* _PROVIDED INFORMATION_
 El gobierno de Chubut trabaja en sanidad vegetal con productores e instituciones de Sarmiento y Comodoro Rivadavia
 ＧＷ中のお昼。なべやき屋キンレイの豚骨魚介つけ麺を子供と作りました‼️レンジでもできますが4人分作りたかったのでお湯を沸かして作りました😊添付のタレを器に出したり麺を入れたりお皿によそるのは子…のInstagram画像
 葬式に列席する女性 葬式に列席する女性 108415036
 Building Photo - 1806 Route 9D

---

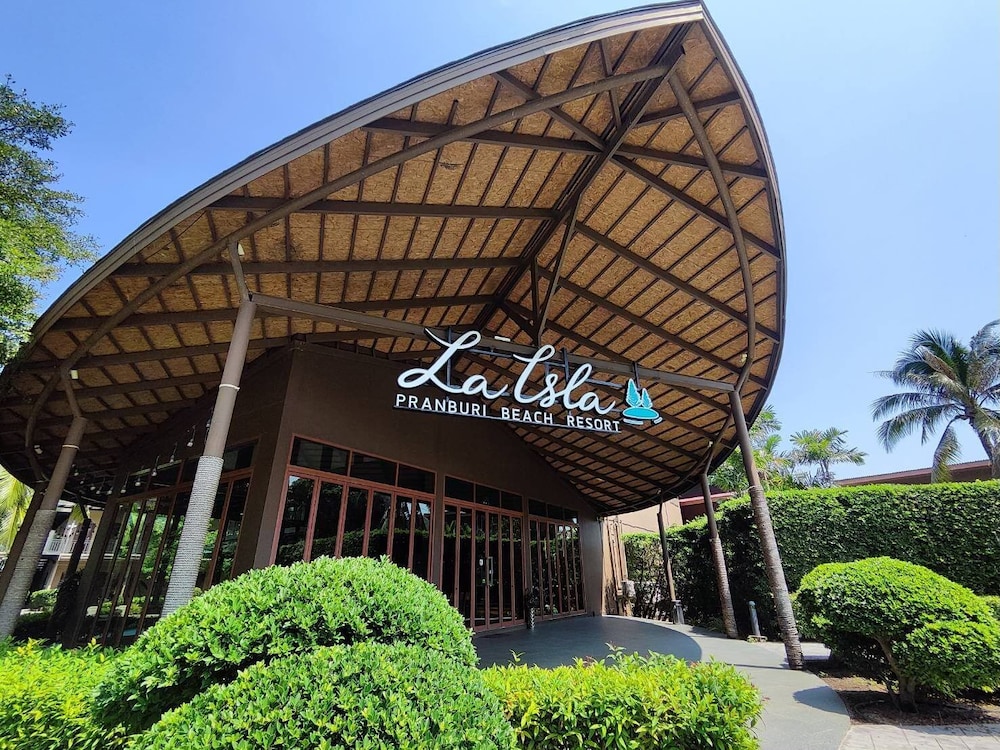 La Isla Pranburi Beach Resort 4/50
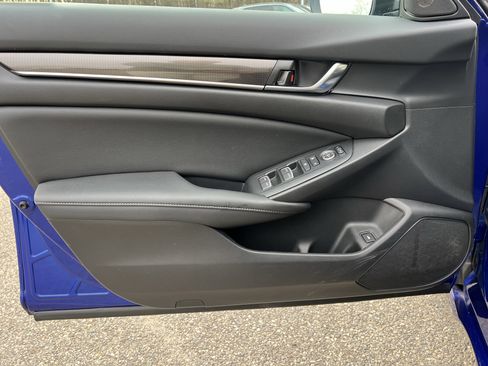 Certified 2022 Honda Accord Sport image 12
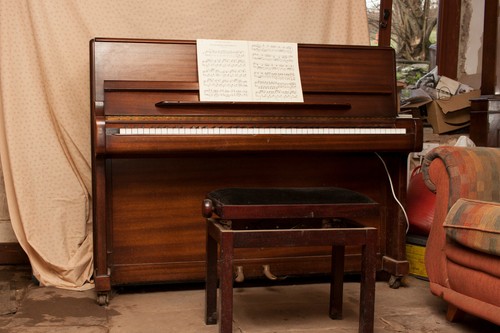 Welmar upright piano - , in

* _ABOUT THIS TASK_
Looking above, find the stretch of lines that opens with the one holding "Certified 2022 Honda Accord Sport image 12" and closes with the one holding "Welmar upright piano - , in". Copy it exactly, pictures excluded.

* _RESPONSE TO THE TASK_
 Certified 2022 Honda Accord Sport image 12
 Welmar upright piano - , in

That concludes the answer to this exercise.